Simone Gbagbo est actuellement dans le box des accusés devant la cour d’Assises depuis le 31 mai denier. Accusée de « crimes de guerre » et « crimes contre l’humanité », la responsabilité de l’ex-première dame transparait difficilement dans les différents témoignages. D’où la colère exprimée par son avocat sur RFI.

Simone Gbagbo, une responsabilité fictive ?

Le procès en Assises de Simone Gbagbo se poursuit sans que les témoins de l’accusation ne puissent établir sa responsabilité. En effet, tous les témoignages recueillis jusque-là sont frappés d’une certaine incohérence au point de susciter une crédibilité douteuse. Aussi, Me Rodrigue Dadjé est monté au créneau pour dénoncer ces témoignages fantoches : « Effectivement, on a ces 28 témoignages, mais c’est généralement des gens qui viennent vous dire : « J’ai été victime d’une blessure par arme à feu, par grenade ou par obus.  » Généralement, ils ne savent d’où viennent les tirs, ni de qui viennent ces tirs. Ils déduisent simplement que ces personnes auraient commis ces actes-là, envoyées par madame Gbagbo. »

Pour des faits graves de « crimes de guerre » et « crimes contre l’humanité » à elle reprochés, il serait convenable, selon son avocat, d’établir avec certitude la responsabilité de sa cliente. Mais les accusations déductives des témoins à charge ne seraient pas de nature à éclairer les lanternes de l’opinion sur le véritable rôle joué par Simone Ehivet Gbagbo lors de la crise postélectorale. Ainsi, Me Dadjé traduit toute son ire quant à la détention de sa cliente : « Ils n’ont jamais vu madame Gbagbo avec ces personnes, et ils ne l’ont jamais vu leur donner des ordres. » Puis, il ajoute : « Madame Gbagbo est poursuivie, non pour crime, mais pour avoir donné des ordres. Si la preuve des ordres n’est pas rapportée, ma cliente peut rentrer chez elle tout simplement. »

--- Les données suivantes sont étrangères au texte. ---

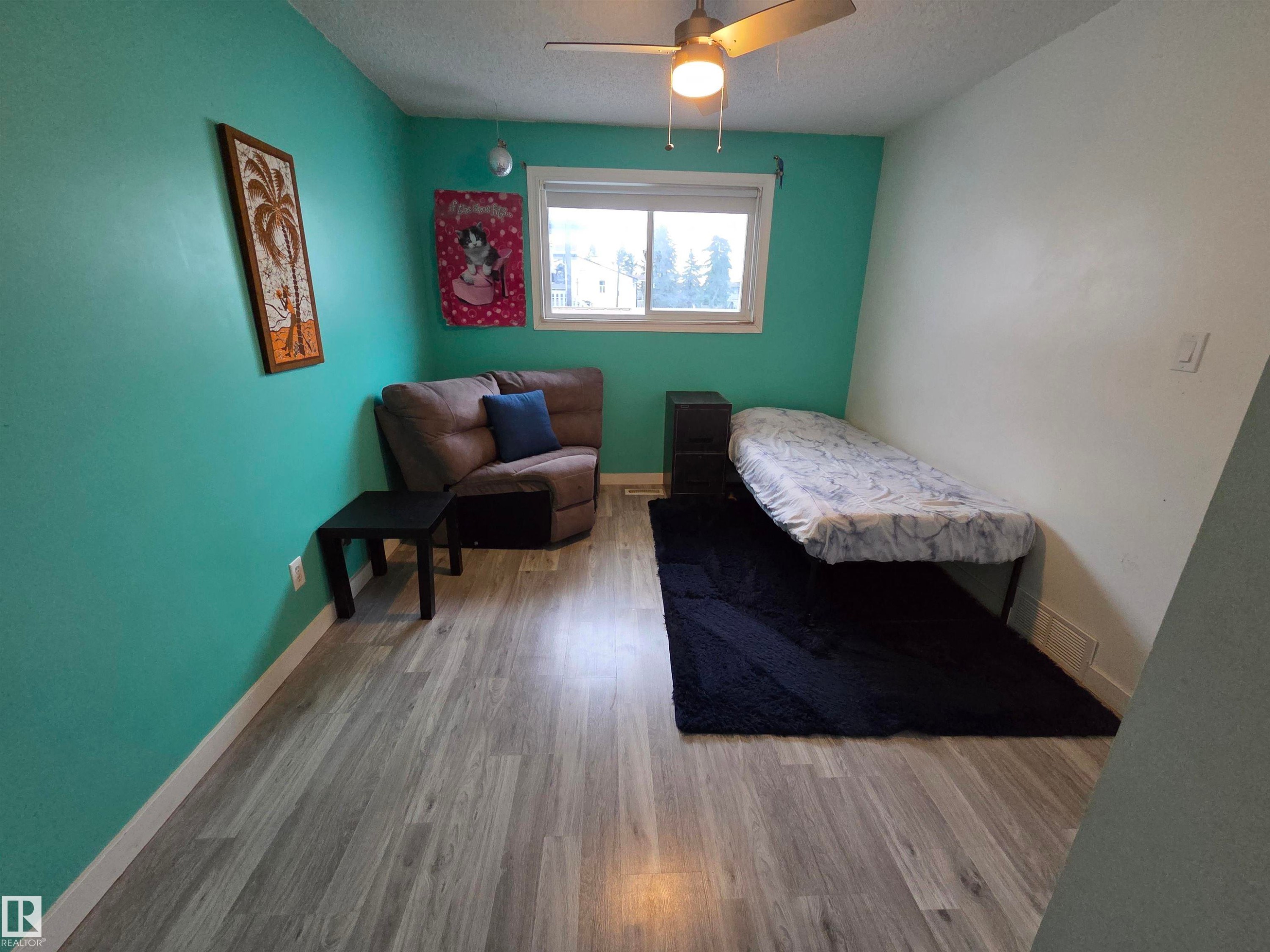 Room featuring wood-finish flooring and a ceiling fan with integrated lighting - 2514 149 Avenue, Edmonton, AB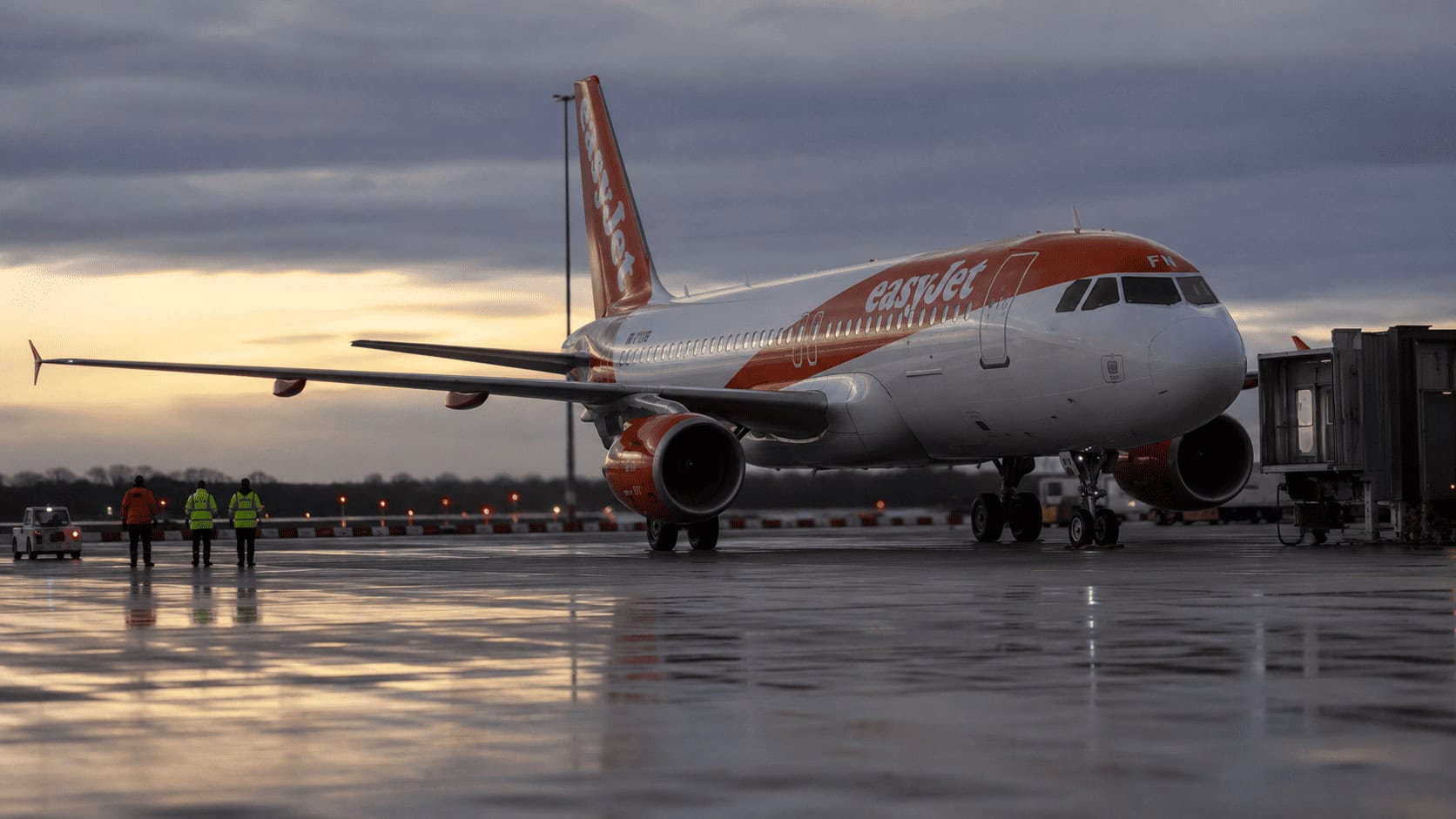 An easyJet aircraft parked on an airport apron at dusk as Apollo and Castlelake compete to take the airline private.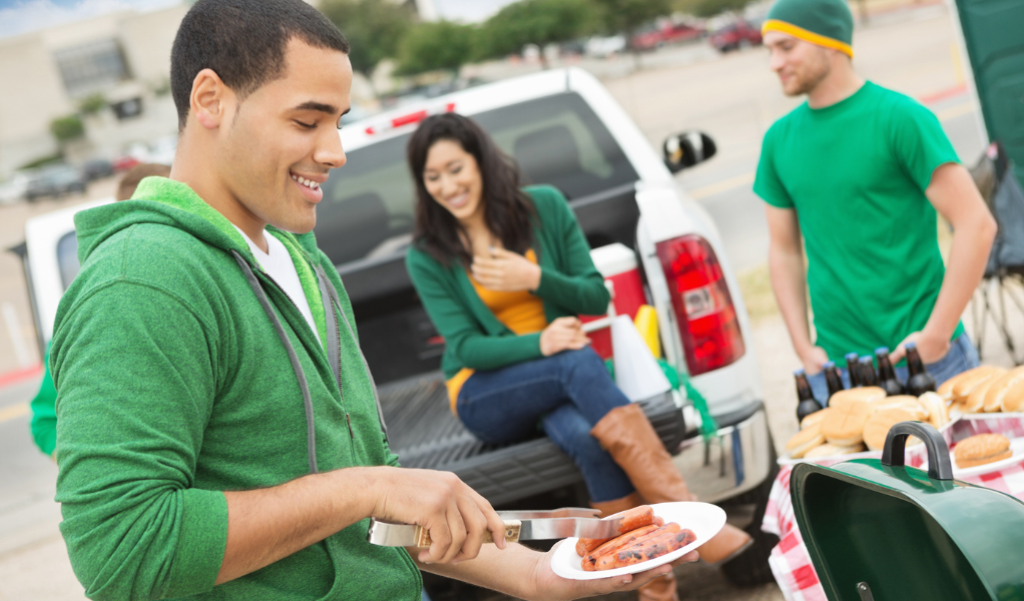 People cooking at a tailgate.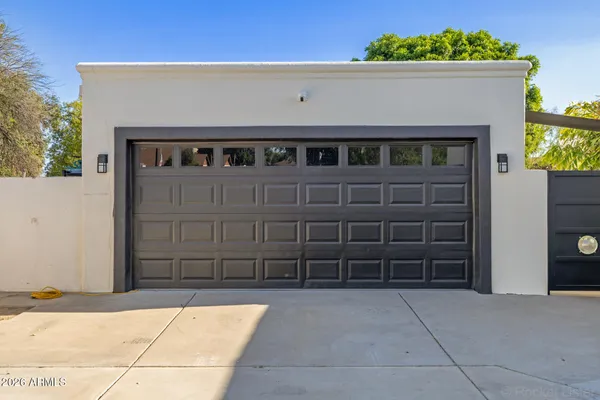 an aerial view of a houses with a swimming pool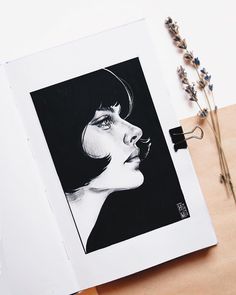 an open book with a drawing of a woman's face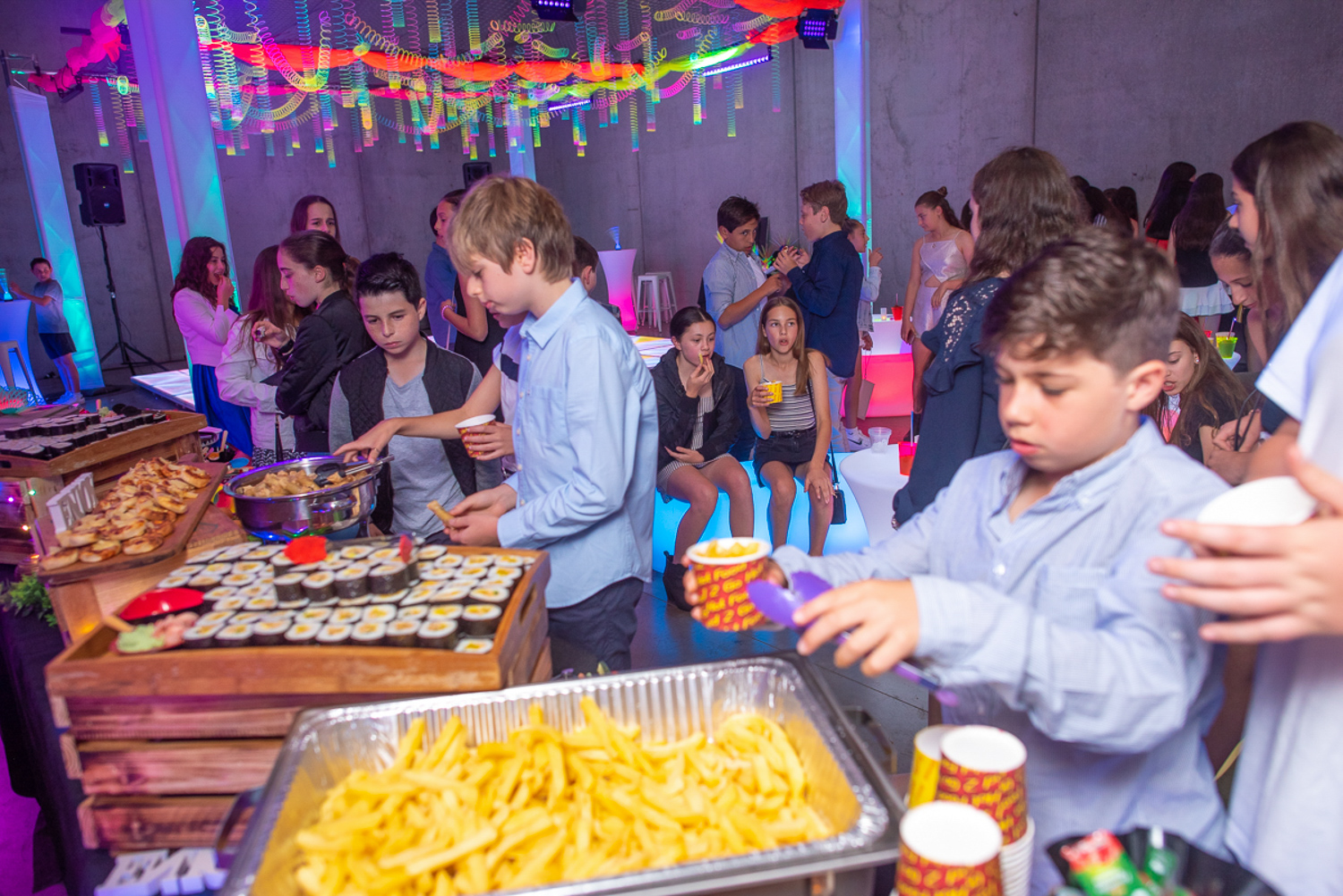 glow themed bat mitzvah food station with dance floor in background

Outre les témoins de l’accusation, la défense compte également faire intervenir ses propres témoins pour tenter de blanchir l’accusée. Ces derniers seront appelés à la barre dès la reprise du procès, mardi prochain. Les juges ont donc du pain sur la planche, vu que le verdict est très attendu. Longtemps accusée d’être une justice des vainqueurs, la cour d’Assises joue également sa crédibilité.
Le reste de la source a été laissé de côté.